ブラックは僕の体の不調にすぐに気付いてくれる。それは船に乗る前の故郷に居た頃からずっと変わらずそうだった。

「はいはい、ブラックにはかなわないな。素直に帰りますよー。」

そう言って自室に戻ろうとしたとき、デッキに誰かが入ってきた。

 美海だ。

「美海、ちゃん。」

そうブラックが声をかけるも美海は驚いたかのように僕の腕を見てきた。

「えっと、この腕は、ケガしてて、皮膚が、む、むけやすくて。」

どうしていいのかわからなくて余計美海を心配させるようなことを言ってしまった。

「…怖がらないで。」

美海に嫌われたくない。その一心で腕を後ろに隠していると美海は近づいてきた。すると僕の白い鱗の生えた腕を優しくなでてくれた。そしていつも見せてくれる優しい笑顔で僕を見て「素敵な腕ですね」と言ってくれた。


  アンダー一族には昔から龍神を信仰する家だった。それは一代目当主が路頭に迷い死にかけた際に竜神が黄金の水を飲ませたことでみるみるうちに元気になり、持ち直したことがきっかけとなったと伝えられている。

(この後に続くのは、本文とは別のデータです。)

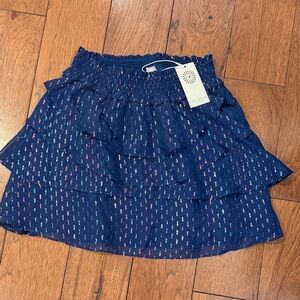 Ramy Brook Navy Ruffle Tiered Mini Skirt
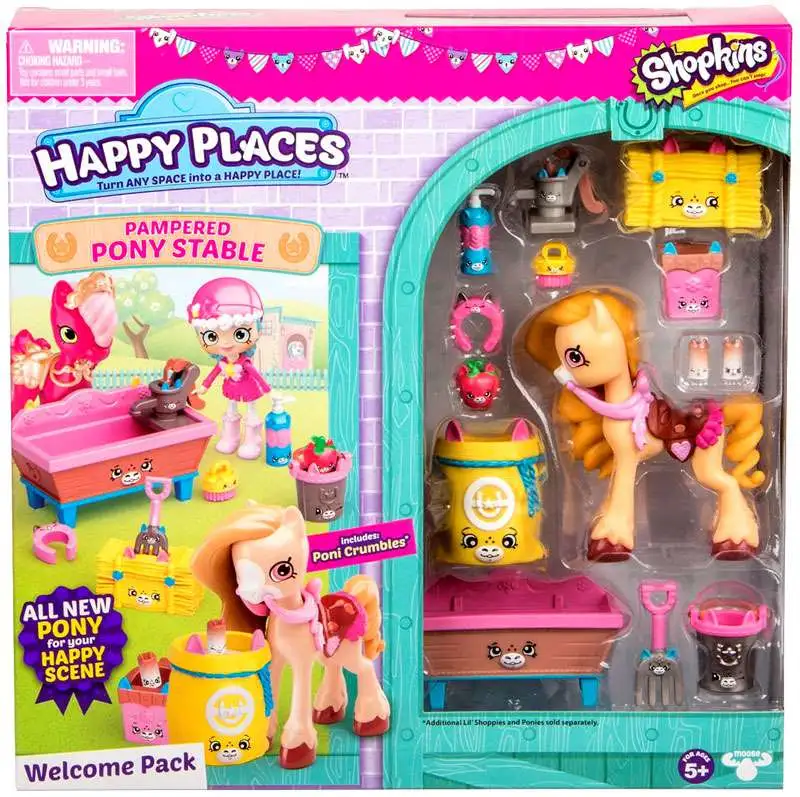 Shopkins Happy Places Season 4 Pampered Pony Stable Welcome Pack Moose Toys ToyWiz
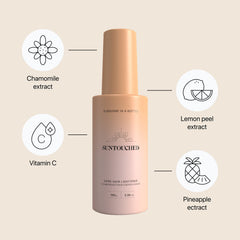 Suntouched Sun Hair Lightener spray shown during application for gradual brunette lightening.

そんな家から龍の力を持ったような子供たちが誕生した。一族は皆天に感謝の祈りをするくらいうれしいことだったのだが、アンダー家についてまだよくわかっていなかった母親にはこの誇り高い腕は気味が悪いものとして受け入れられてしまっていた。だけれども幼かった僕にとってそんなことに気が付けないまま母親の愛を望み、結果受け入れてもらえなくて大きなさびしさと腕に対するコンプレックスを抱いてしまった。いつしかその思いで溢れかえってしまったとき僕は初めてこの腕を切り落とした。これで母親に好いてもらえる。そう思ったからだ。それなのに切り落とした腕はチリのように風に舞って消えて、気が付けば腕は気色の悪い音を立て生えてきてしまった。嗚呼、自分は人間では無いんだ、この龍の腕は呪いなんだ、そんなことを思い泣き叫ぶ。母親の軽蔑したまなざしを感じたままぐちょり、ぐちょりと腕が再生していく姿を兄たちは僕を抱きしめ何も言わず背中を撫でてくれた。それ以来母親の愛情を一切受けることは無かった。

 だからこの腕を受け入れてもらったのは兄以外、初めてのこと。柔らかい美海の温かい手とやさしい微笑みに思わず泣き崩れてしまった。僕が幼い時に欲しかった母親の温もりにそっくりだったから。